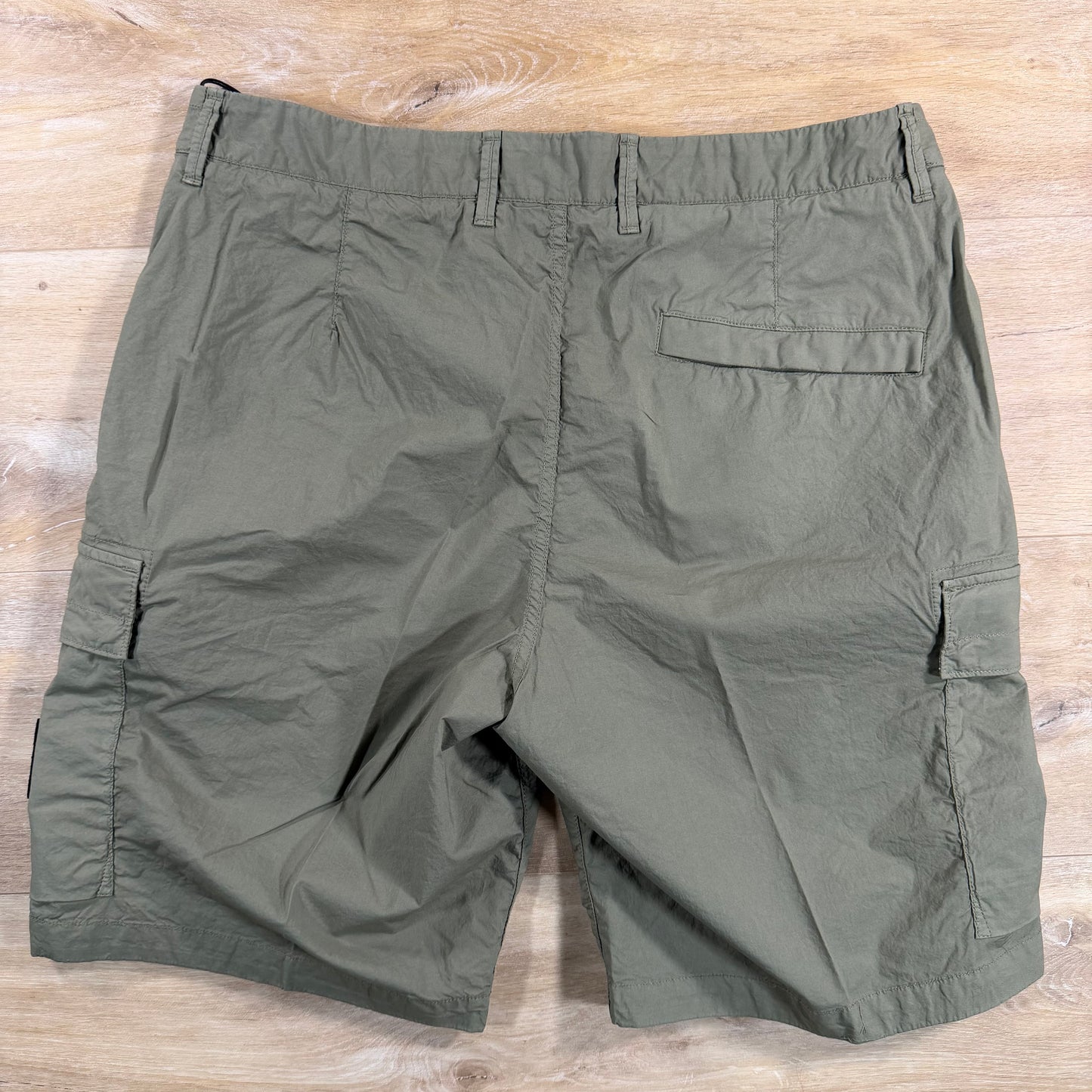 Stone Island Stretch Cotton Tela 'Paracadute' Cargo Bermuda Shorts in Military Green
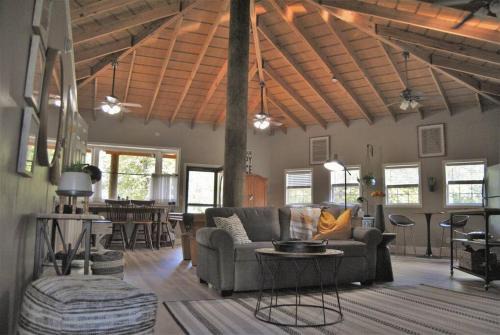 Houston County Maison | Rustic Modern Cabin at Jadon's Pond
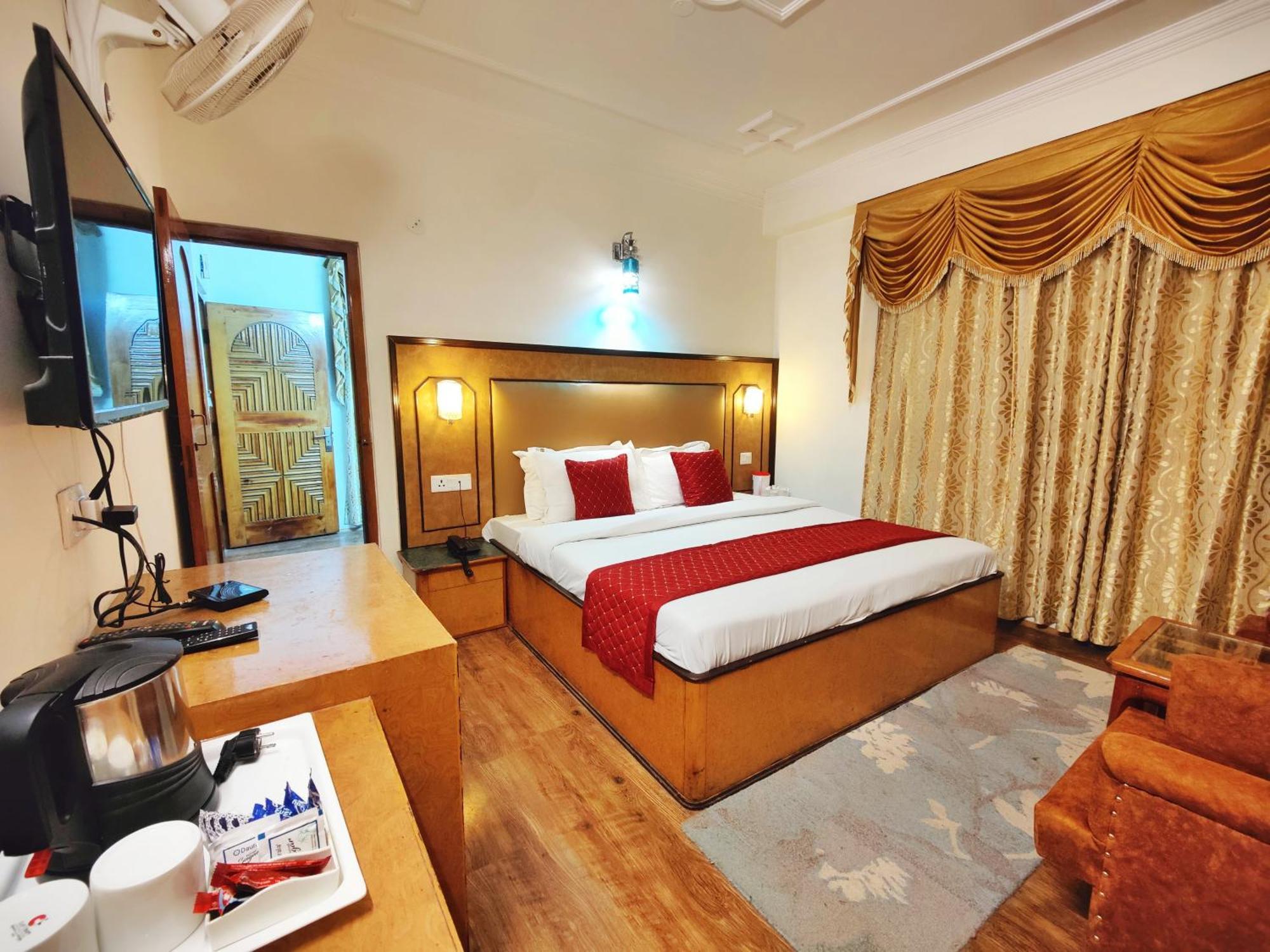 Surya International Hotel Manali Near Mall Road Exteriér fotografie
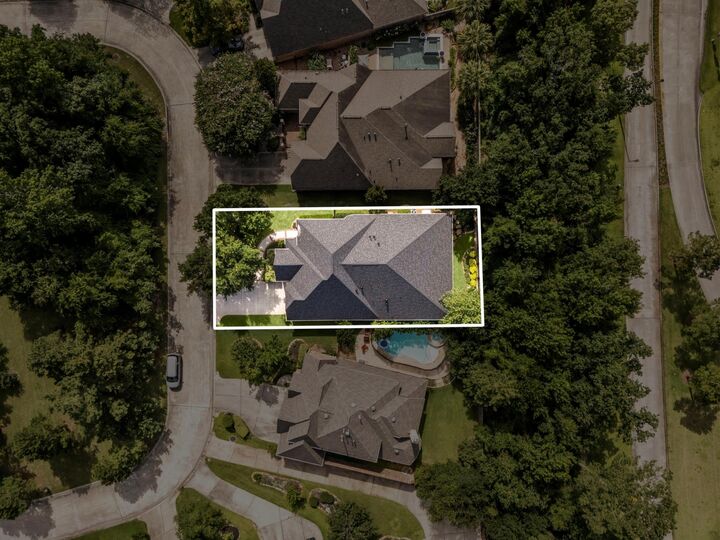 Property Photo: 195 Oarwood Place TX 77389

────────

== Required action ==
Please repeat the listing above word for word, with the pictures removed.

== Expected output ==
 Stone Island Stretch Cotton Tela 'Paracadute' Cargo Bermuda Shorts in Military Green
 Houston County Maison | Rustic Modern Cabin at Jadon's Pond
 Surya International Hotel Manali Near Mall Road Exteriér fotografie
 Property Photo: 195 Oarwood Place TX 77389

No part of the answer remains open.